I have a John Deere 318 with the P218 Onan Engine. I am having a problem with it shutting down when it gets hot(after an hour or so). and the fuel filter will be dry. It will not start up for about 30-45 minutes the will start and run for 30-45 minutes before shutting down again with a dry fuel filter. This has bee doing this for about 2 months. About 2 weeks ago it did this and after I got it restarted, I finished mowing and it died just as i pulled into the shed. I went back the next day and it would not start even though there was fuel in the filter.
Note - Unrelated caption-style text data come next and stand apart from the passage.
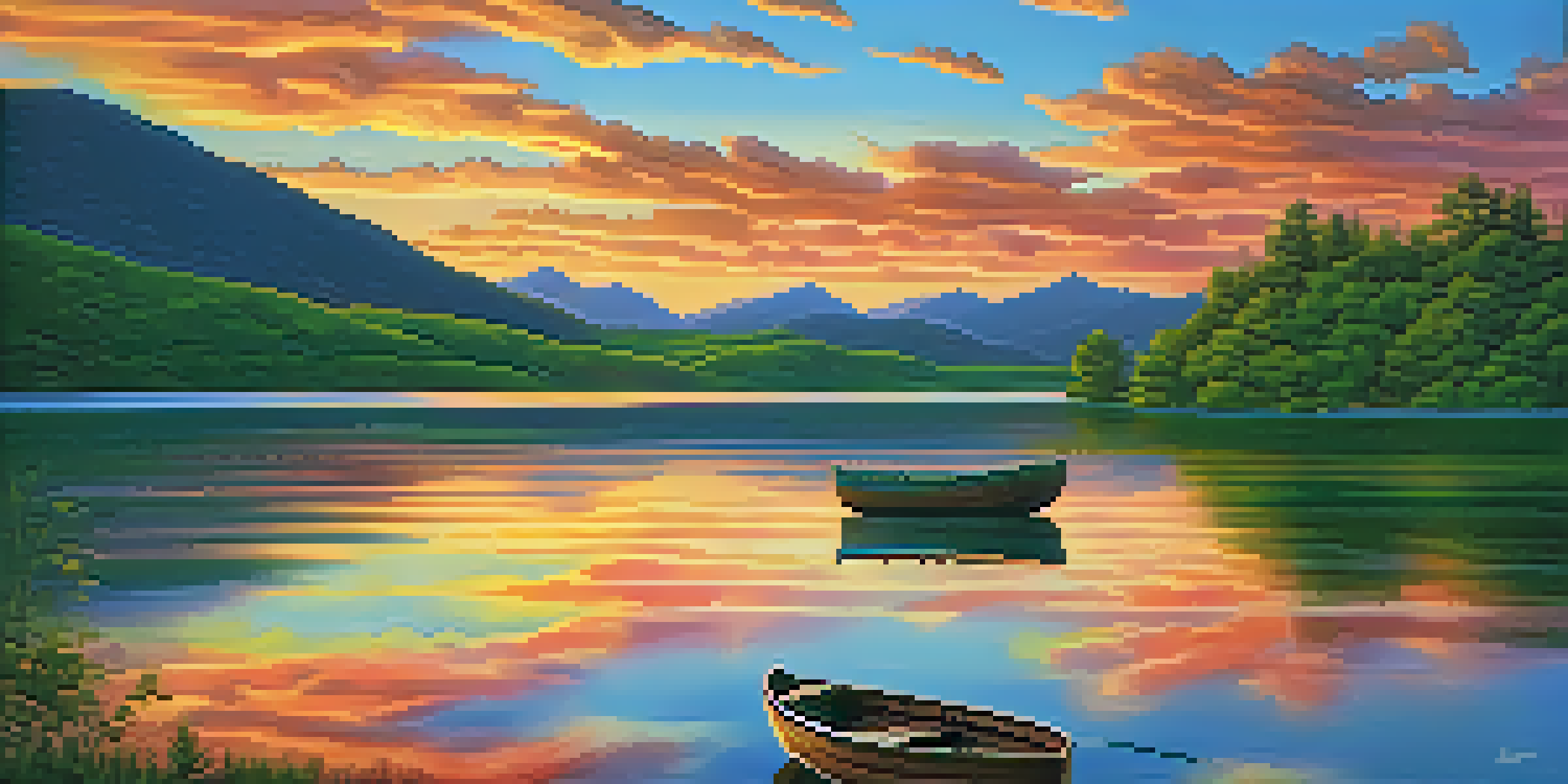 A peaceful lake scene with mountains and a colorful sunset reflected in the water, along with a small wooden boat.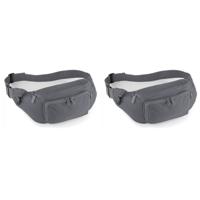 2x stuks heuptasje/buideltasje voor volwassenen - 37 x 15 cm - grijs- fanny pack - voor op reis 2x stuks heuptasje/buideltasje voor volwassenen - 37 x 15 cm - grijs- fanny pack - voor op reis
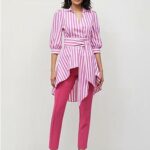 Striped Puff-Sleeve High-Low Poplin Shirt NOW $22 (was $74) Thumbnail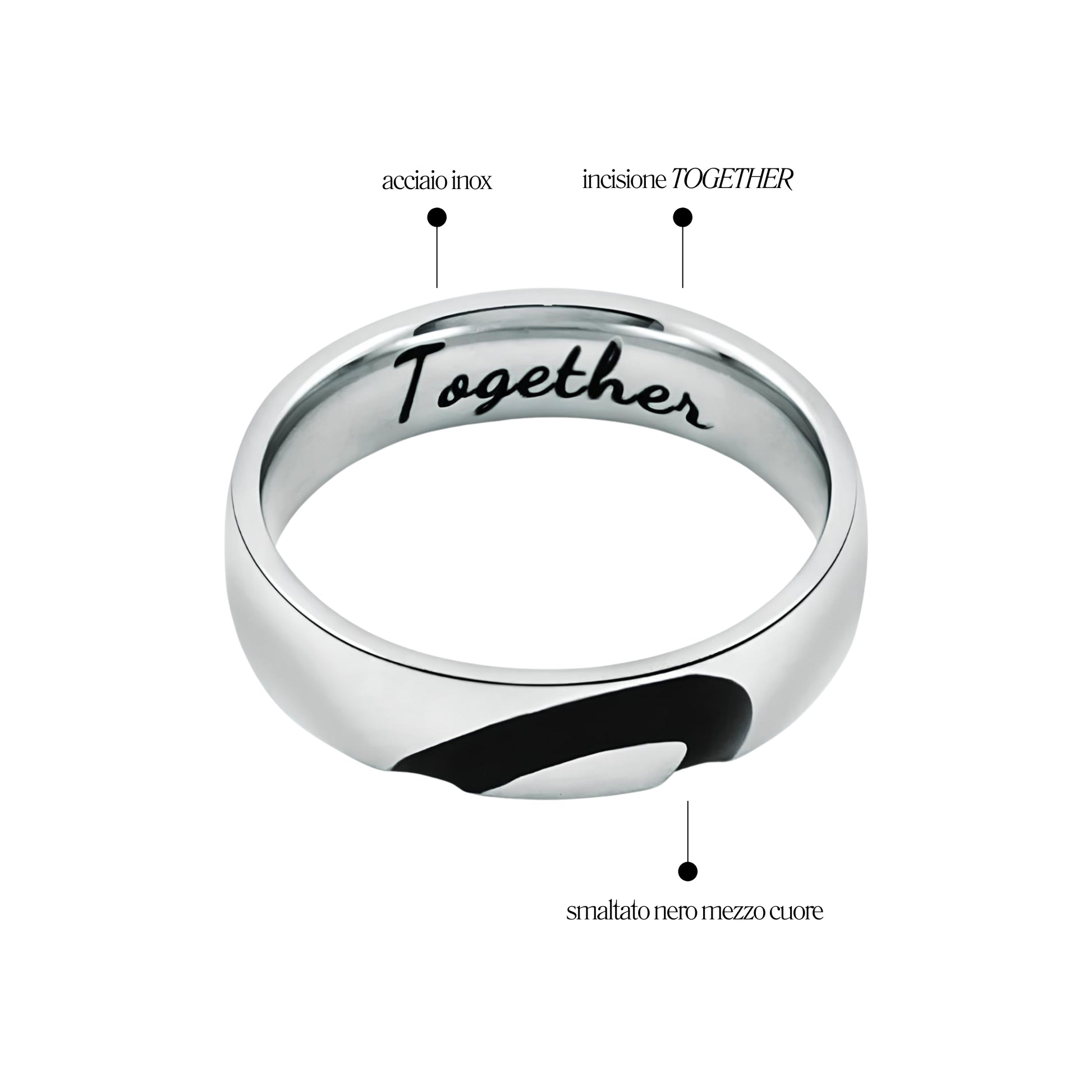 Anello Together in Acciaio Inox - Brand Gioielli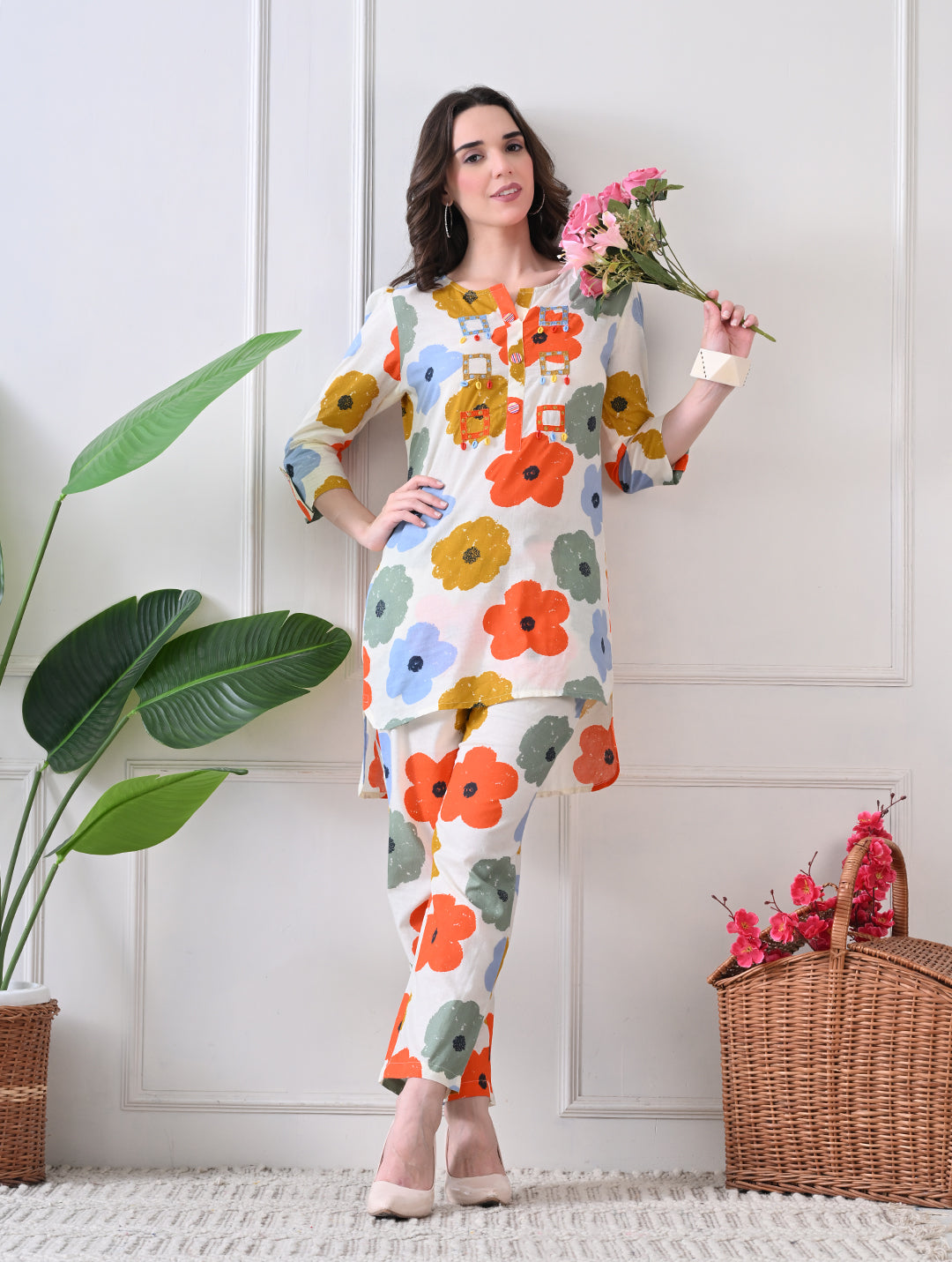 Midnight Mosaic Embroidered Tunic Set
I disconnected the fuel line on the fuel pump side of the filter and turned the motor over and it was pumping gas so I reconnected and disconnected the fuel line on the carb side of the filter and it was pumping gas. I eventually found a had a bad coil. Replaced it and she fired right up. Cut for a bout an 1 1/2 hour no problem. The next day I cut for about 1 1/2 hour and she died with dry fuel filter. Waited a while and she started up and ran for a while the same problem, dry fuel filter. When she dies she will turnover but will not start. Any suggestions.


----------



## jhngardner367 (Apr 5, 2011)

Check the PRESSURE of the fuel pump,not just the volume.It should hold 4-6 psi.If it does,check the fuel lines for clogging,leaks,etc. If the fuel lines haven't been changed,you may want change them,since the ethanol in todays fuel degrades the lines,from inside-out. It will run awhile,but as the lines swell,it closes off the fuel flow.


----------



## crazyhorse (Dec 24, 2010)

Make sure the vent in the gas cap is open.
Good luck.


----------